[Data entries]
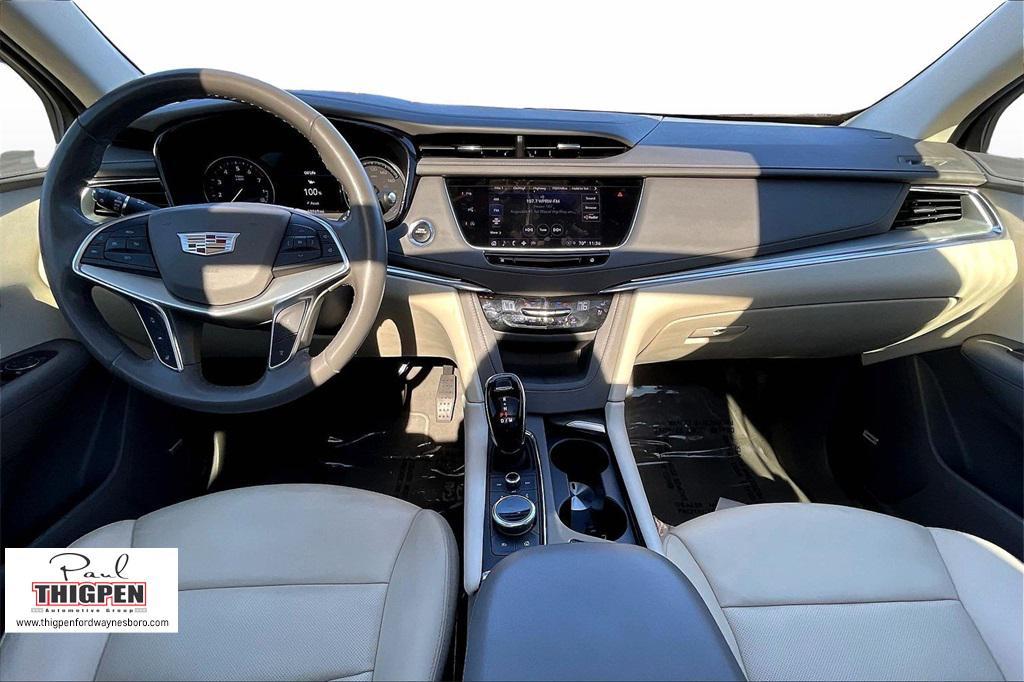 used 2022 Cadillac XT5 car, priced at $28,698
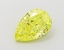 1.50 Ct. Fancy Vivid  Yellow Pear Lab Grown Diamond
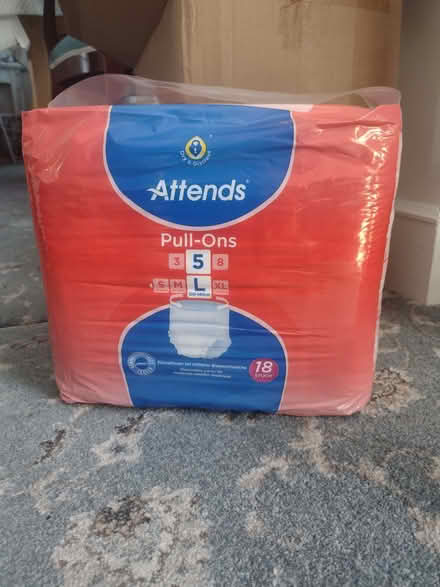 Photo of free Brand new Adult pull on incontinence pants (Leigh Beck SS8) #1
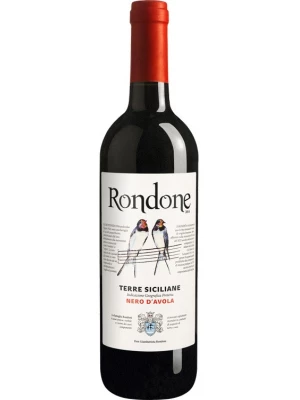 Вино Settesoli, Rondone Nero d'Avola, Sicilia IGT 2017, 0.75 л
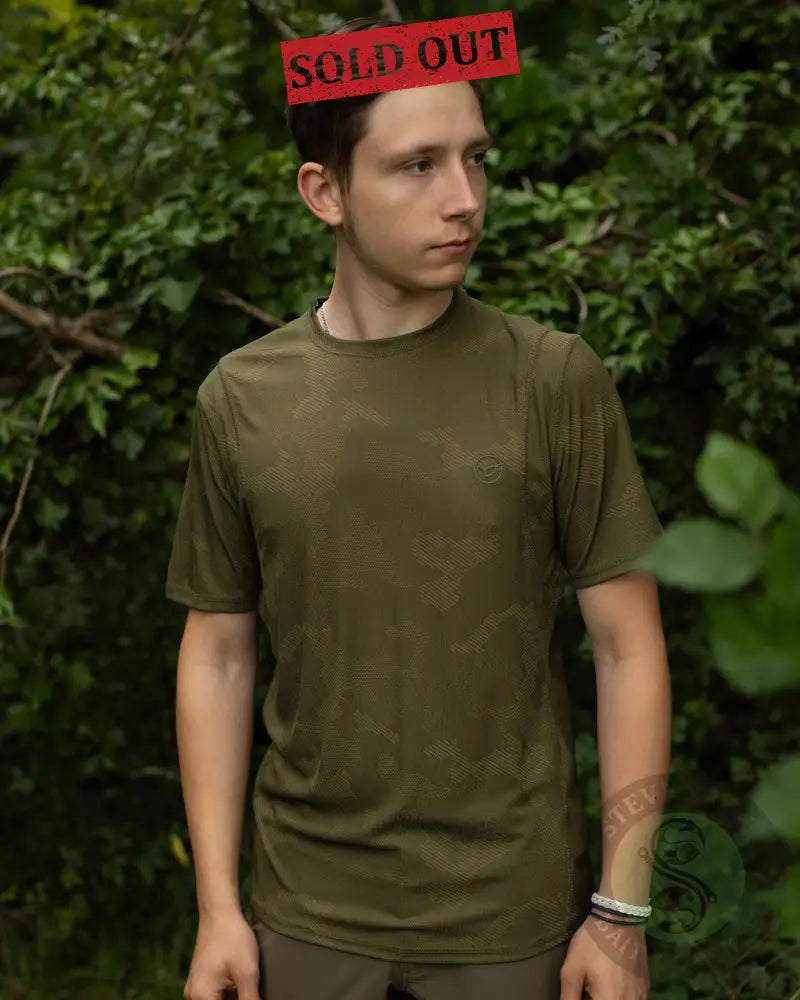 Kamo Pro Tee | Olive L 100 Clothing & Merch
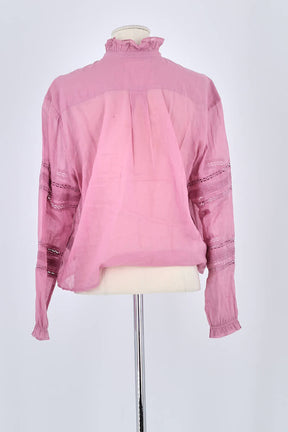Chemise Isabel Marant Étoile Rose en Coton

**WORK TASK**
Exact copies of the lines from the one containing "Photo of free" through the final line of the data are required; pictures are to be omitted.

**RESPONSE**
 Photo of free Brand new Adult pull on incontinence pants (Leigh Beck SS8) #1
 Вино Settesoli, Rondone Nero d'Avola, Sicilia IGT 2017, 0.75 л
 Kamo Pro Tee | Olive L 100 Clothing & Merch
Chemise Isabel Marant Étoile Rose en Coton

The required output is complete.